** Opening DATA UNDER STUDY block **

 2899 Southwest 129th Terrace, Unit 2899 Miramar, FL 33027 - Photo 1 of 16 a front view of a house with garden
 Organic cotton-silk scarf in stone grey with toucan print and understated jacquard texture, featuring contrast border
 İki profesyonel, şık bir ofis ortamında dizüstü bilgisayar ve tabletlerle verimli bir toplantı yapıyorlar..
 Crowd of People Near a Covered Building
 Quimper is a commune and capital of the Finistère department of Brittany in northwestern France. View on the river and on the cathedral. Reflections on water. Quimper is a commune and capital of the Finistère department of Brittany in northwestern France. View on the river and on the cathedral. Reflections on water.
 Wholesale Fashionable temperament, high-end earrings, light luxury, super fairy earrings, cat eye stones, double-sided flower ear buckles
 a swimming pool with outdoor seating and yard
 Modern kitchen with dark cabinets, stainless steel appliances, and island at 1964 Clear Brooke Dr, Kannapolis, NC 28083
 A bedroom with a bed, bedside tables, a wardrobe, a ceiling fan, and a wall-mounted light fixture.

** Closing DATA UNDER STUDY block **

AIM OF THE EXERCISE:
Only the final stretch of the entries above is needed: print exactly the lines from the line containing "Modern kitchen with" through the last one.

PROBLEM SOLUTION:
 Modern kitchen with dark cabinets, stainless steel appliances, and island at 1964 Clear Brooke Dr, Kannapolis, NC 28083
 A bedroom with a bed, bedside tables, a wardrobe, a ceiling fan, and a wall-mounted light fixture.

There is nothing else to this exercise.